Filling back to school bellies

Meatballs in tomato sauce

Well ‘back to school’ time is almost upon us again. Every year I feel torn at this time between the craziness of summer with the kids and the comfort of the routine of school. I have to be honest and say that there was a time when I didn’t think much of the notion of having a dinner plan for the school week. I used to think that it would take too much time to do and took the spontaneity out of food. Then, of course, as the kids came along and got a bit older, I learn that ‘spontaneity’ was a luxury that ironically, someone with time would have!

This last school year, I found it not only invaluable but absolutely essential to plan the week of dinners in advance. If I didn’t I found that I either had nothing really to cook when I got home or I would spend too much money buying ingredients for one-off meals that hadn’t been properly thought through. This ultimately meant a lot of waste in the kitchen aswell. I suppose this is all just about good housekeeping but for me, I didn’t really learn what that meant until the kids came along. You don’t want hungry tired children finishing school with no dinner in sight. Life is too short for that!

The weekly dinner menu does get predicable but they are all dinners that are made from scratch, made relatively quickly, have plenty of vegetables and flavour at their core and the kids love them. Our meals include the predictable spaghetti bolognaise, chilli, chicken curry, pork meatballs and pasta, homemade fish fingers with potato wedges and veggie frittata (which is basically a massive omelette containing vegetables mainly potatoes).

Monday’s dinner is always based on leftovers from the Sunday roast. If we’ve had roast chicken, the leftover chicken (you’d be surprised how much meat you can get off the carcase) is bulked up with plenty of vegetables to make a chicken curry. This could even be done on the Sunday evening but that’s always been wistful thinking on my part.

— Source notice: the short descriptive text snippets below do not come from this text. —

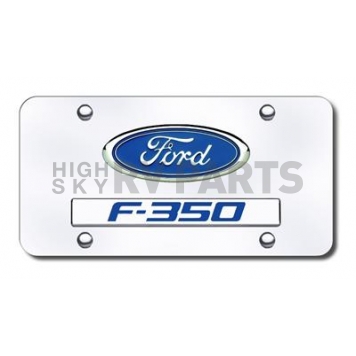 Automotive Gold License Plate - F-350/Ford Logo Stainless Steel - DF35CC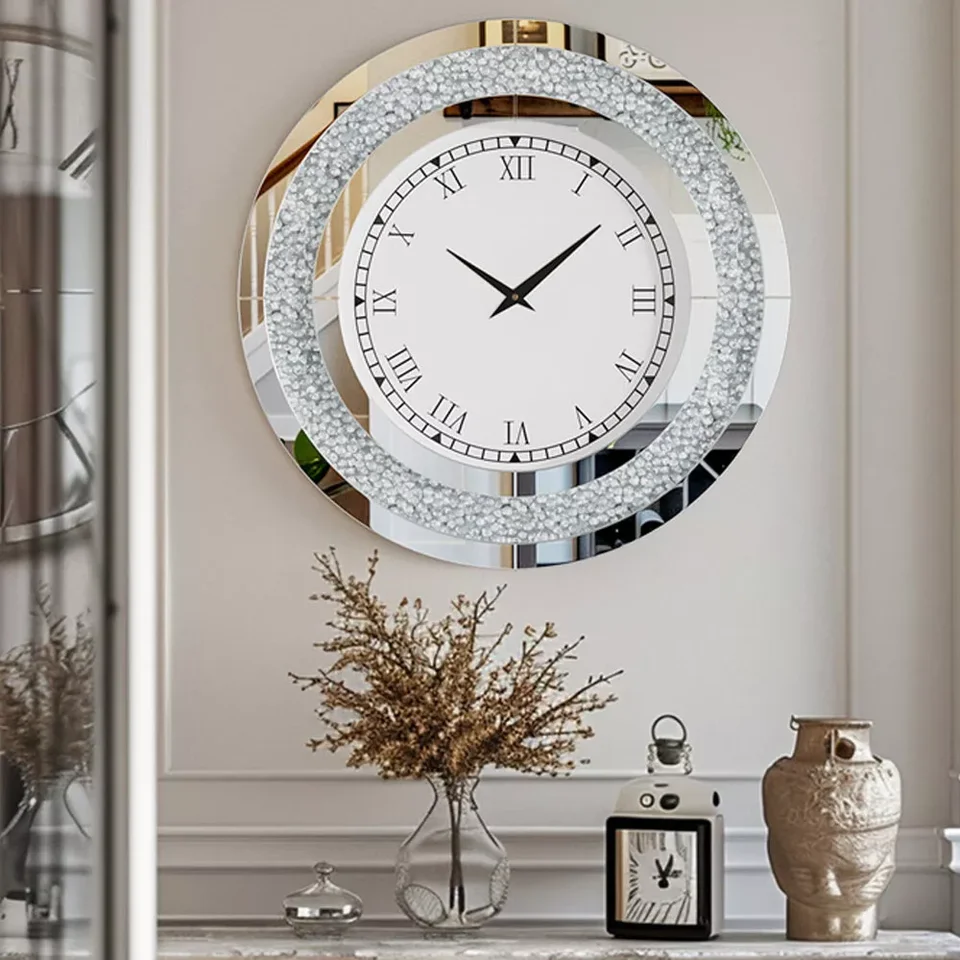 Modern 32 Inch Large Diamond Crystal Wall Clock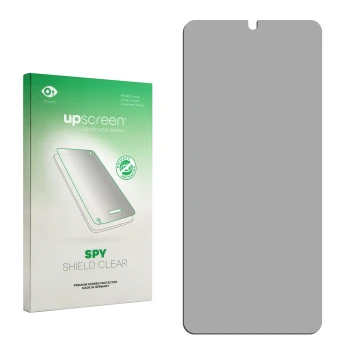 Front side of a product packaging with the brand logo upscreen. Next to it is the corresponding screen protector.
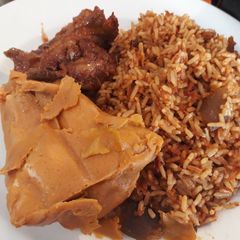 A picture of Local rice and moimoi.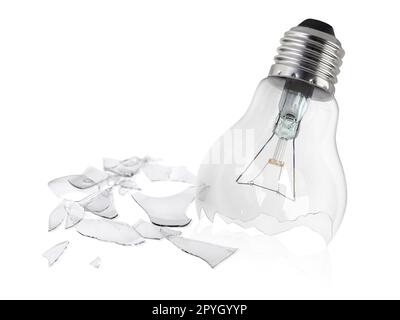 Lampadina rotta isolati su sfondo bianco Foto Stock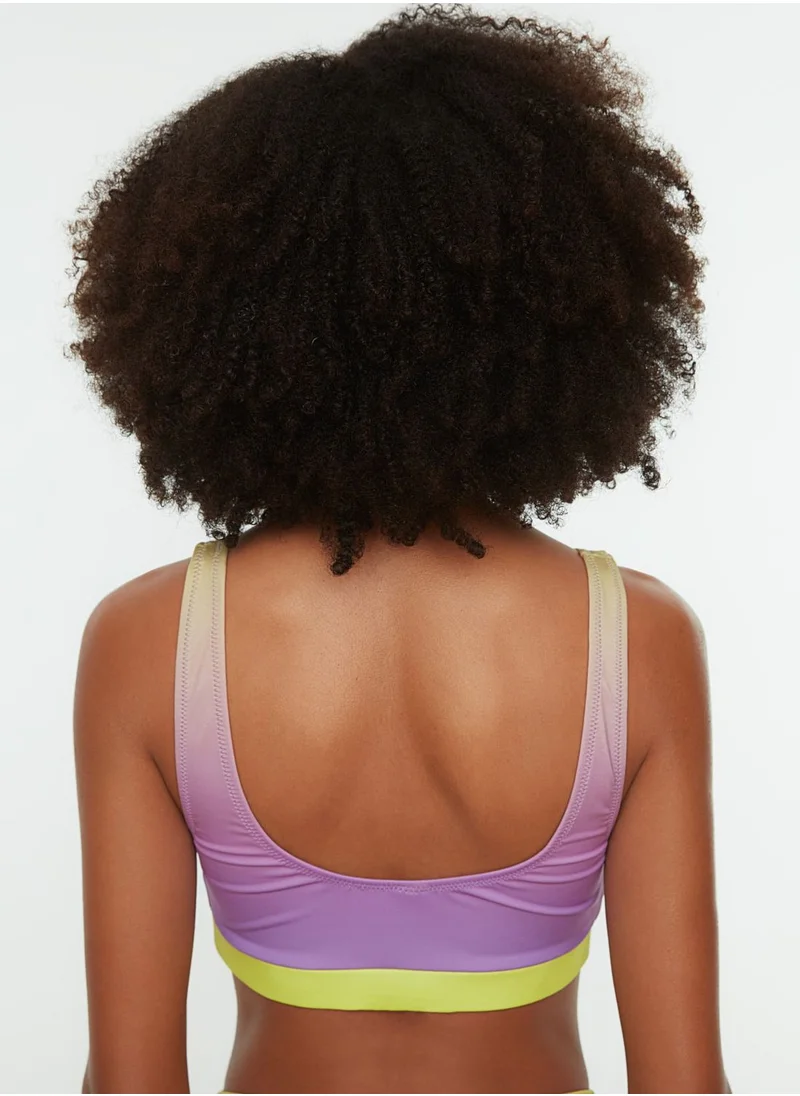 trendyol Contrast Detail Bikini Top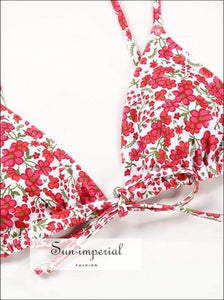 Women White Red Floral Print Bikini Set Tie front top High Waist side bottom SUN-IMPERIAL United States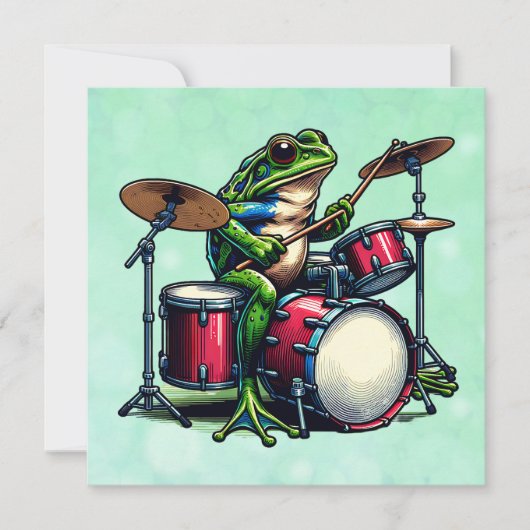 Funny Cartoon Frog Spelen De Drums (Voorkant)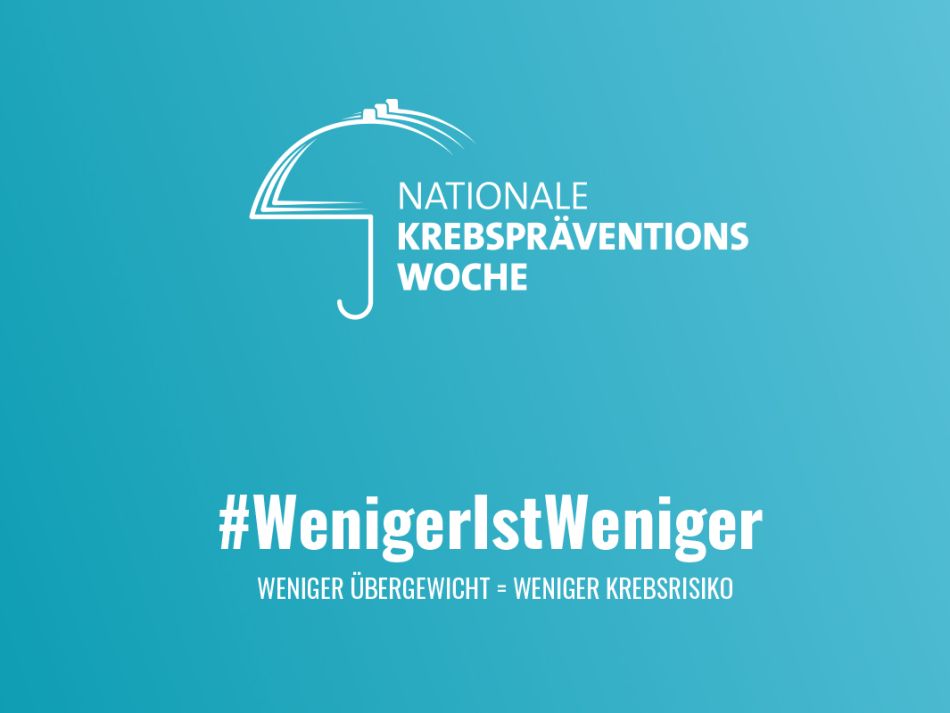 Logo der Nationalen Krebspräventionswoche 2023 mit dem Hashtag #WenigerIstWeniger: Weniger Übergewicht = Weniger Krebsrisiko
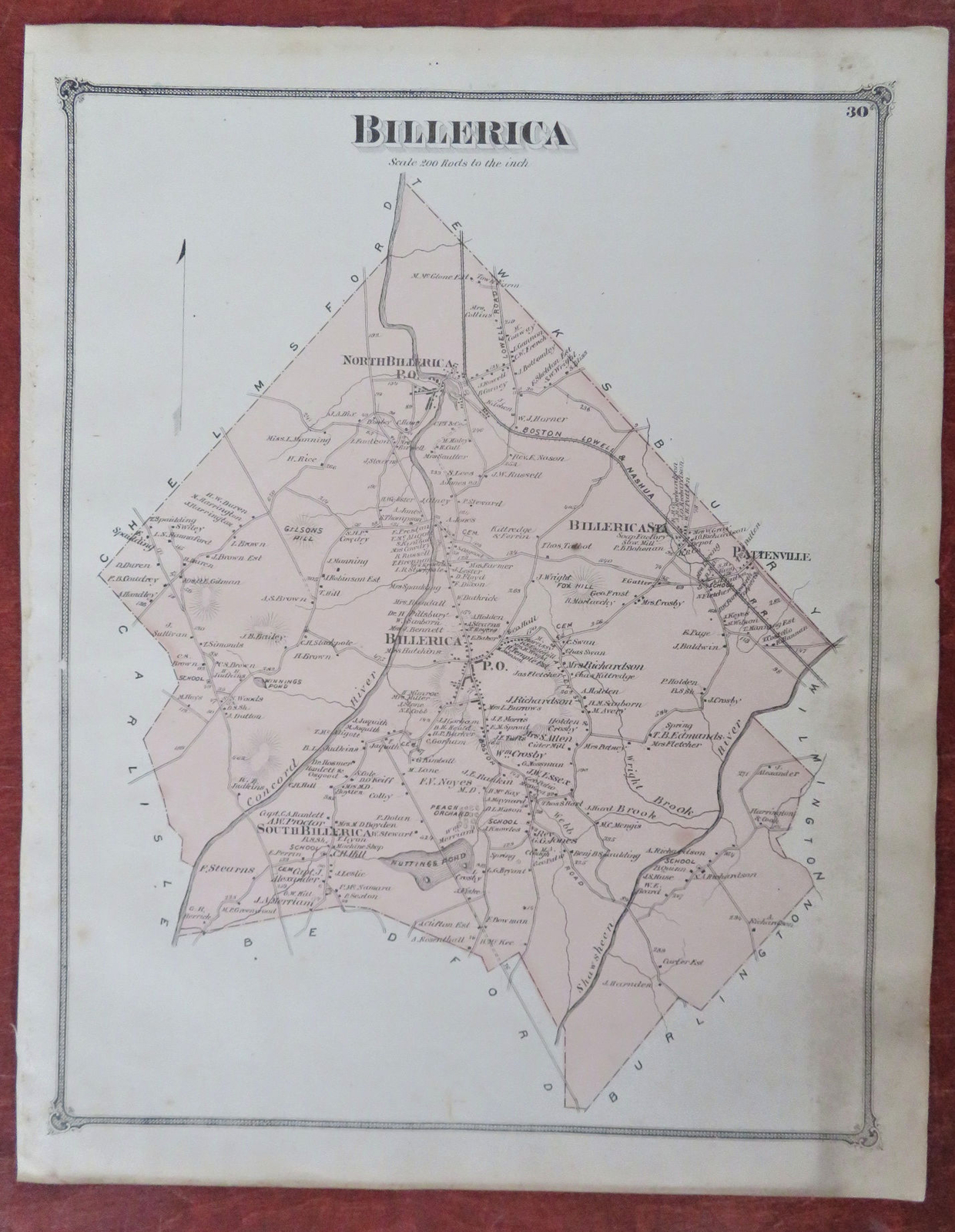Billerica Middlesex County Massachusetts 1875 F.W. Beers detailed color map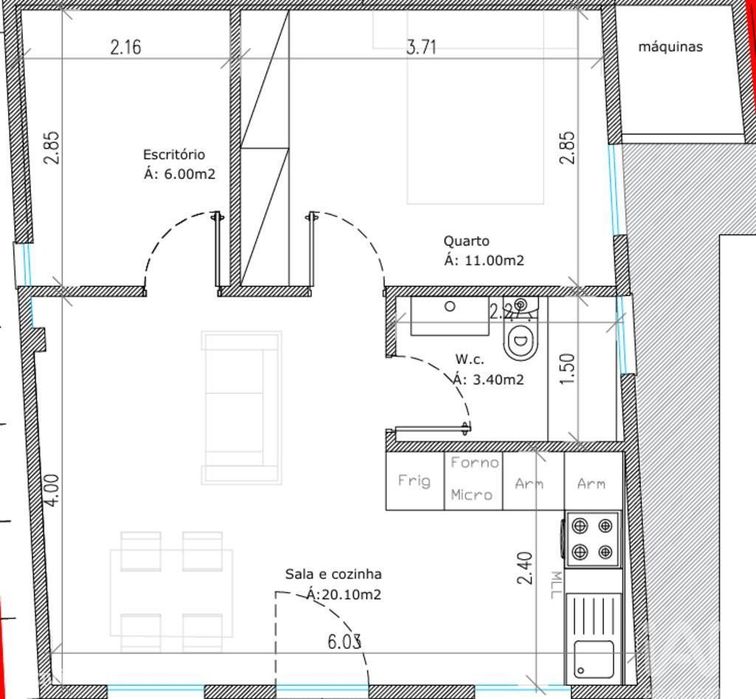Moradia térrea T2 em Darque de 45,8 m2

The kids’ favourite is meatballs in tomato sauce. We use our own Fennel and chilli meatballs from the shop but you could use a good sausage that has the flavours that you want to taste in the finished sauce. Our hot Italian sausage does the job well as does Jane Russell’s Fennel and chilli sausage. Find a highly flavoured sausage with high meat content that your family likes. You could fry off the sausages directly and roughly chop them or use the sausage meat as follows.

For a meal for 4 there is plenty in 500g of sausage meat. Squeeze the meat from the casings into a bowl – kids love doing this! Smell the meat. If it seems to be lacking on the aroma front you can add some finely chopped red chilli or garlic to your taste, a teaspoon of cayenne pepper and maybe a tablespoon of ground fennel. Mix well with your hands and form into meatballs. Colour the meatballs gently in the bottom of your casserole pot. They don’t need to be fully cooked through but just firmed. Add a finely chopped medium onion at this point. When the onion is softened a little, add a full 700g jar of passata. Find a brand that doesn’t have sugar listed in its ingredients. It should only contain sieved tomatoes and a little salt. Let the pot bubble away for about 30 minutes on a very gently heat. If you have good sausage meat with plenty of flavour either in it or added, these flavours will leech out into the tomato sauce. Finally, to add some extra fibre, strain a 400g tin of Barlotti beans and add towards the end to heat through. Once cooked, taste and check for seasoning. If the passata you’ve used is a bit acidic, you might want to add a teaspoon or two of sugar to balance the flavour. This is actually a very quick dinner to make and there is always a queue for seconds!